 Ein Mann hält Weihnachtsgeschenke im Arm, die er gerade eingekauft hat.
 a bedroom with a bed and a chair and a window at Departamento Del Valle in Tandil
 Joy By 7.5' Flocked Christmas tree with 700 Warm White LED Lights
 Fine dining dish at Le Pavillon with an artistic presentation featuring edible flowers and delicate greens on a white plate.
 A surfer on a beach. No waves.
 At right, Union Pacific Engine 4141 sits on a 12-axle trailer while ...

------------------------------

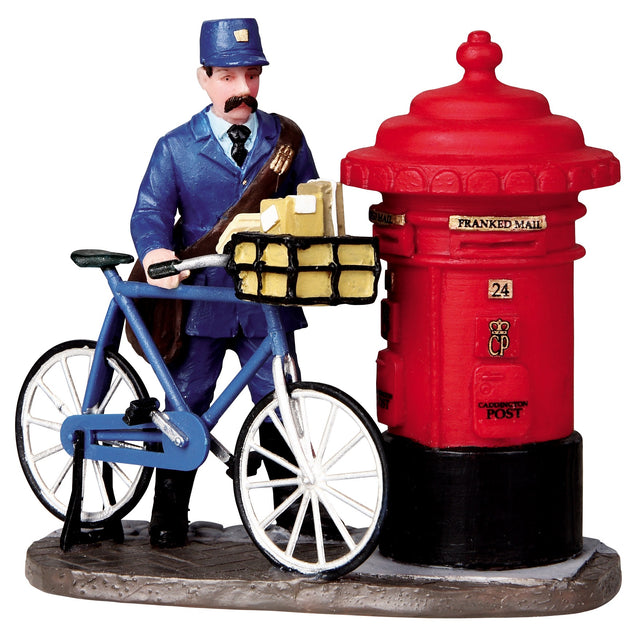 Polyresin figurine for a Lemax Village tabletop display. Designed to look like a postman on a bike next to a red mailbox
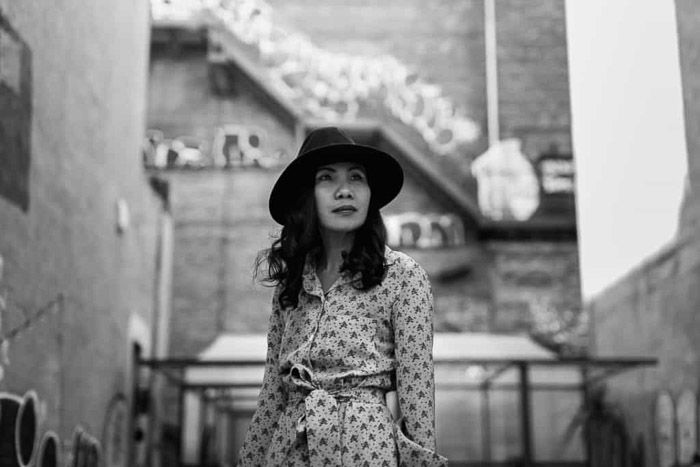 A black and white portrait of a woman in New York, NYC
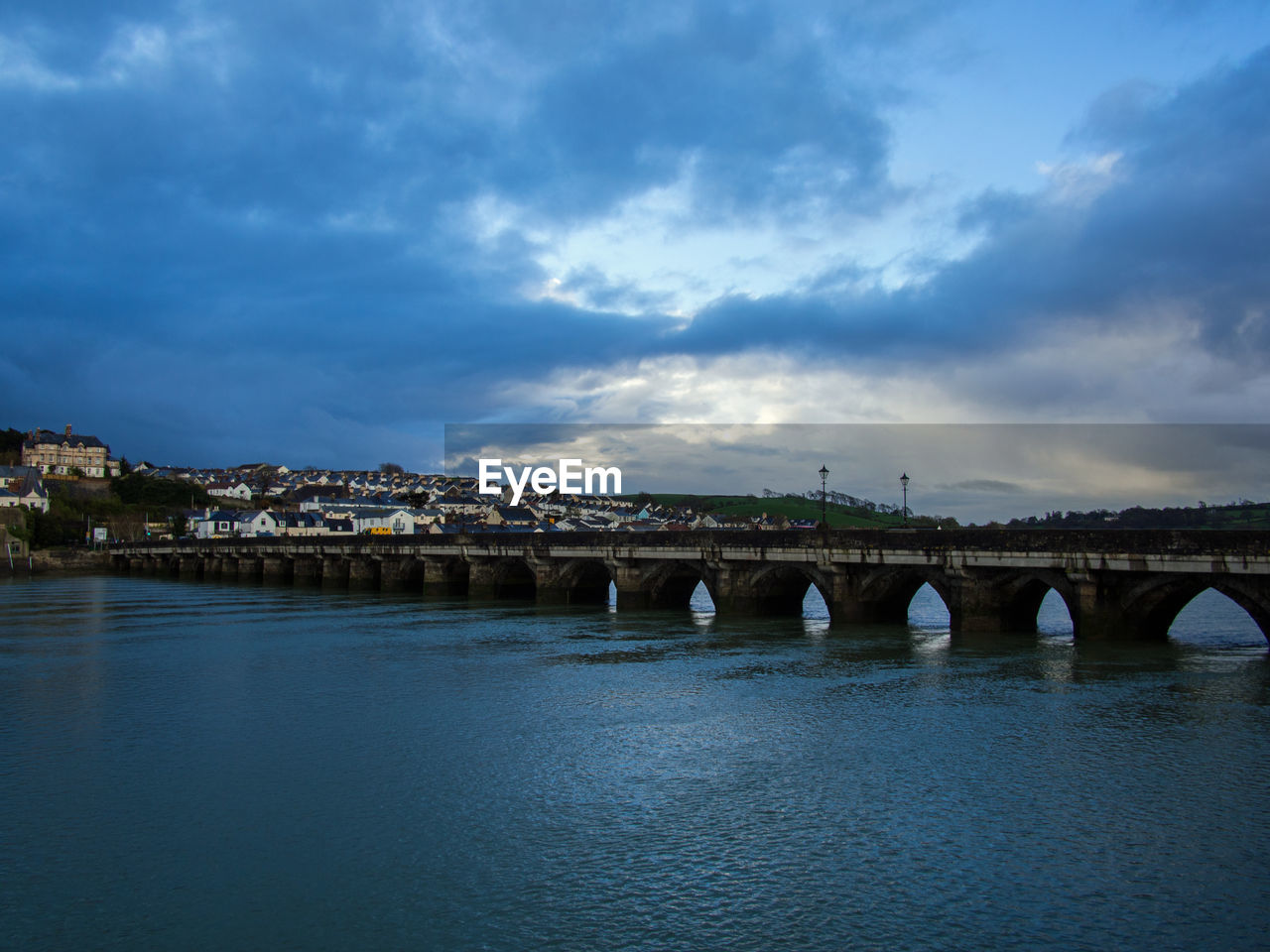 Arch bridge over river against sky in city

------------------------------

* TASK STATEMENT: Using the records above, copy each line that contains "with".

* OUTPUT FOR THIS TASK:
 a bedroom with a bed and a chair and a window at Departamento Del Valle in Tandil
 Joy By 7.5' Flocked Christmas tree with 700 Warm White LED Lights
 Fine dining dish at Le Pavillon with an artistic presentation featuring edible flowers and delicate greens on a white plate.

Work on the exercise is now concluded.